[Opening DATASET RECORDS section]
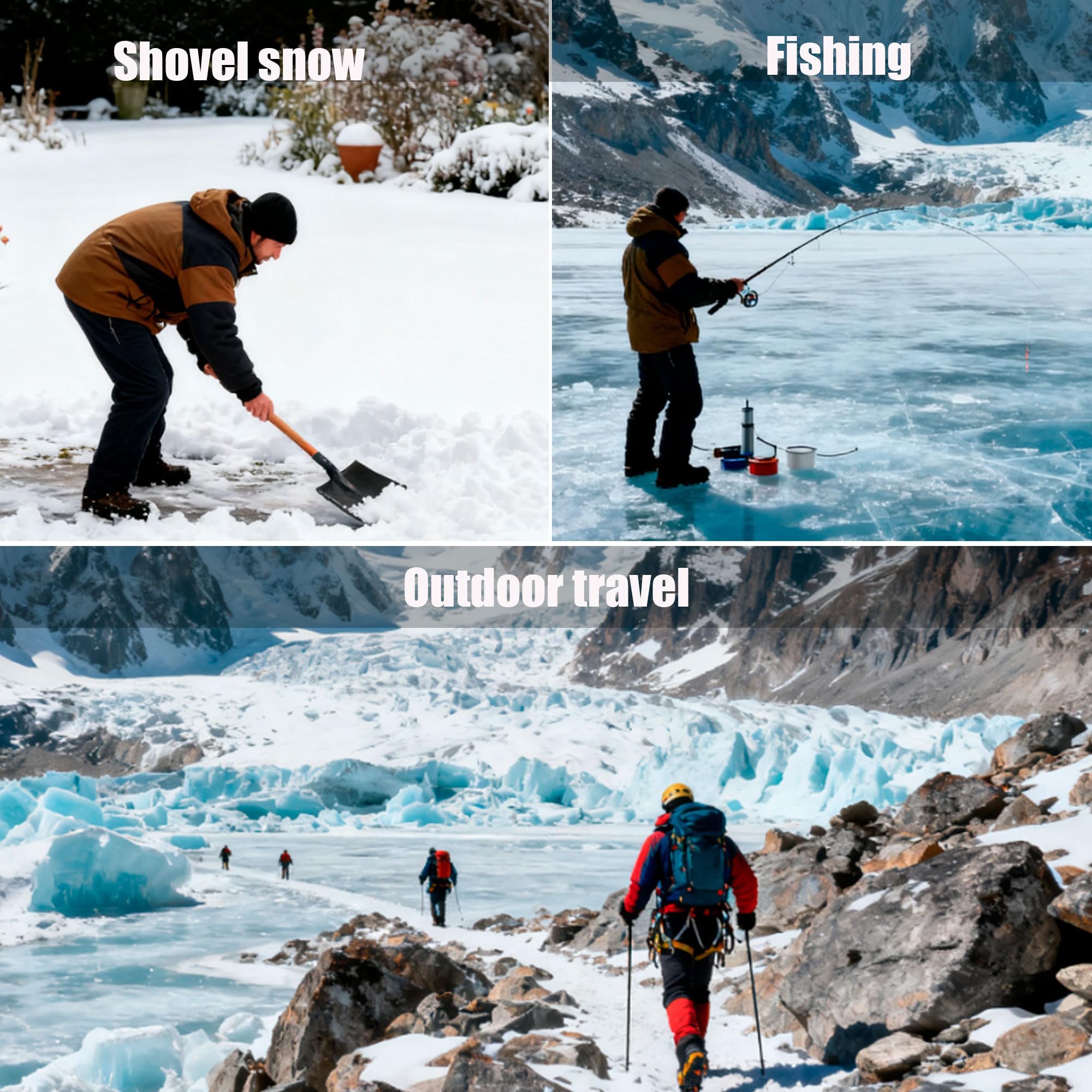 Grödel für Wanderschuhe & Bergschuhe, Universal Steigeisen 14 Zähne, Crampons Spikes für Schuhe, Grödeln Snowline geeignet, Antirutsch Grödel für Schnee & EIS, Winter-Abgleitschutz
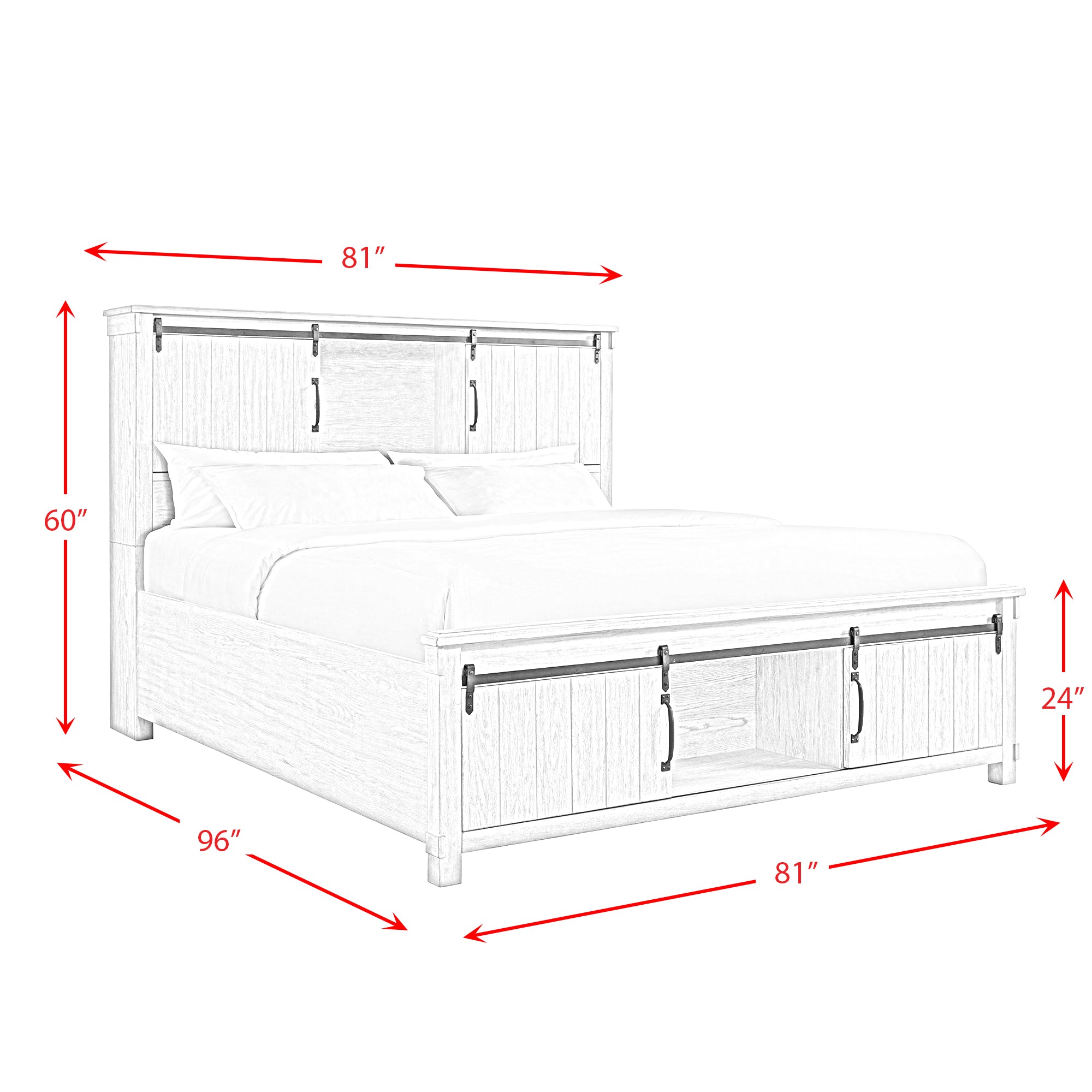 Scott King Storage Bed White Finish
[Closing DATASET RECORDS section]
[Opening DATASET RECORDS section]
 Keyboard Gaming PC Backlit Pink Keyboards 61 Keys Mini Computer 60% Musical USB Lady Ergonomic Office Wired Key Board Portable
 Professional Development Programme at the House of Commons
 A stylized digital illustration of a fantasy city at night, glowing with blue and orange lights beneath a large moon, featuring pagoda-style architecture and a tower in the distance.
[Closing DATASET RECORDS section]
[Opening DATASET RECORDS section]
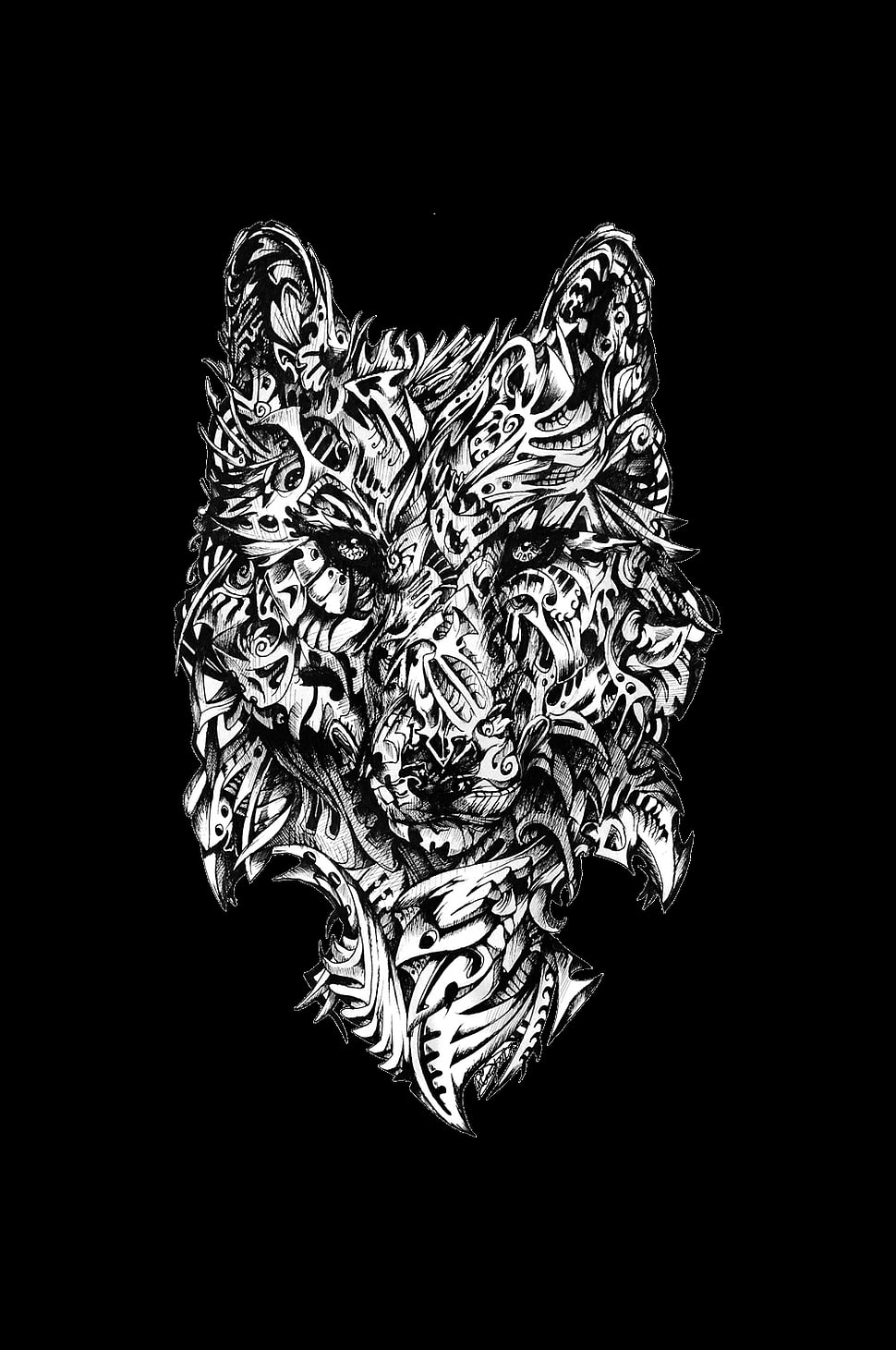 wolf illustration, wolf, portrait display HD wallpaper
[Closing DATASET RECORDS section]
§ **EXERCISE AIM**
Output only an exact transcription of the lines above from the one with "Keyboard Gaming PC" up to and including the one with "A stylized digital".

§ **ANSWER TO THE EXERCISE**
 Keyboard Gaming PC Backlit Pink Keyboards 61 Keys Mini Computer 60% Musical USB Lady Ergonomic Office Wired Key Board Portable
 Professional Development Programme at the House of Commons
 A stylized digital illustration of a fantasy city at night, glowing with blue and orange lights beneath a large moon, featuring pagoda-style architecture and a tower in the distance.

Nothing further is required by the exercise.